Then the confidence interval is

.panelset[
.panel[.panel-name[Result]

```
## [1] 0.8705515 0.9034485
```

]

.panel[.panel-name[Code]

```r
(CI <- 0.887 + c(1,-1)*z_ast*0.01)
```
]
]

---

## Break for Examples

- Let's take a break from the slides and work some examples for the concepts that we have covered so far.

---

## Hypothesis Testing

- Consider the question, is a coin fair? Then there are two mutually exclusive competing hypothesis:

- The coin is fair, that is, the probability of success `$p=\frac{1}{2}$`.
  
--

- The coin is not fair, that is, the probability of success `$p \neq \frac{1}{2}$`.
  
--

- We refer to the first hypothesis (*i.e.*, the coin is fair) as the **null hypothesis** and denote it by `$H_{0}$`.

- We refer to the second hypothesis (*i.e.*, the coin is not fair) as the **alternative hypothesis** and denote it by `$H_{A}$`.

- Typically, the null hypothesis corresponds to a situation of "no difference", or "no effect". The null hypothesis is the status quo.

---

## Testing Procedure

- In hypothesis testing we collect evidence, and make a decision whether to reject the null hypothesis or fail to reject the null hypothesis. Note that failing to reject the null hypothesis is not the same as accepting it as true.

- Failing to reject the null hypothesis only means that the evidence we have collected does not provide sufficient support for rejecting the null hypothesis.

- We also do not accept an alternative hypothesis although some people do use that phrase in hypothesis testing.

- How do we decide, based on our data whether to reject or fail to reject the null hypothesis?

- We use an appropriate probability distribution that corresponds to the null hypothesis (that is, a **null distribution**) and use it to compute the probability of observing a **test statistic** value that is as or more extreme that the value of our test statistic obtained from the data. 
  
--

- If we obtain from the last step a probability value that is sufficiently small then we reject the null hypothesis, otherwise, we fail to reject the null hypothesis.

---

## Example

- Suppose we toss a coin 100 times and get `$54$` heads. We want to test the hypothesis

- `$H_{0}:$` the coin is fair ( `$p= \frac{1}{2}$` ), versus
  
  - `$H_{A}:$` the coin is not fair ( `$p\neq \frac{1}{2}$` ).
  
--

- An appropriate probability distribution corresponding to the null hypothesis is a binomial distribution with size `$n=100$` and probability of success `$p=\frac{1}{2}$`.

- Now we compute the probability for getting 54 or more heads, or 54 or more tails (which is 46 or fewer heads):

.panelset[
.panel[.panel-name[Result]

```
## [1] 0.4841184
```

]

.panel[.panel-name[Code]

```r
pbinom(46,100,0.5) + (1-pbinom(53,100,0.5))
```
]
]

- This tells us that under the null hypothesis (that is, the assumption that the coin is fair) we expect to observe an outcome that is as or more extreme than getting 54 heads about 48% of the time.

---

## Rejecting the Null Hypothesis

- In the example on the last slide, a result that we expect to occur about 48% of the time when assuming the null hypothesis is not a rare event.

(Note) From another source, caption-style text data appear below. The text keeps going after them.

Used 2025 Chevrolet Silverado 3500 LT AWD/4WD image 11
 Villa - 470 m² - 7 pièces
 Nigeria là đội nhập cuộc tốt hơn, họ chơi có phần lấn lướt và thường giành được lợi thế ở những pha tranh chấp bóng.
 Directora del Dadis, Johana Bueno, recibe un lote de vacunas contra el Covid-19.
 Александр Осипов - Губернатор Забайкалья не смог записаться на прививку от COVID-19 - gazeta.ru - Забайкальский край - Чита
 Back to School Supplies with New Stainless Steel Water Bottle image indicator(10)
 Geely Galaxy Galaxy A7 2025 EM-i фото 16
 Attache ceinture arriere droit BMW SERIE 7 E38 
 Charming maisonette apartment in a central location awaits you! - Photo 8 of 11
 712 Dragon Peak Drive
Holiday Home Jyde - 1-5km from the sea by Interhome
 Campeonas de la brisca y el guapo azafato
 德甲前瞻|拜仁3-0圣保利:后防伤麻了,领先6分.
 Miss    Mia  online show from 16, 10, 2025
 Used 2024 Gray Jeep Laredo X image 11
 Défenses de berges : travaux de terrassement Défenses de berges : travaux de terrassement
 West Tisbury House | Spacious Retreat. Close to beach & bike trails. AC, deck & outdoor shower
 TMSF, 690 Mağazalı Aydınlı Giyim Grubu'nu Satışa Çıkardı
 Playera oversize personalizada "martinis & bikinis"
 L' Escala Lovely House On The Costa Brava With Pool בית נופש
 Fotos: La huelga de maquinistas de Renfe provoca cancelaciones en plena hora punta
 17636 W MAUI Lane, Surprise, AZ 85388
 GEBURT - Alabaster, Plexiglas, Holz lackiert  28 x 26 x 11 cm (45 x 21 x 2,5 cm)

So in that example we would fail to reject the null hypothesis.

- We only reject the null hypothesis when assuming the null hypothesis results in a very small probability of observing an outcome such as what is observed in our data.

- How small of a probability is small enough, or how rare of an event should lead us to reject the null hypothesis?

- Since we are dealing with inherently random processes, it is possible to make  an incorrect decision in a statistical hypothesis test, that is, an error. There are two particular types of error. The question we need to ask ourselves when setting a decision criteria for hypothesis testing is, what kind of error are we most concerned with avoiding?

---

## Decision Errors

- Here is an analogy to think about. After a criminal trial sometimes an innocent person is convicted and sometimes an guilty person walks free. If we are more strict about how strong evidence must be for a conviction, then more guilty persons will go free. On the other hand, if we are more lax regarding how strong evidence must be for a conviction, then more innocent persons will be convicted.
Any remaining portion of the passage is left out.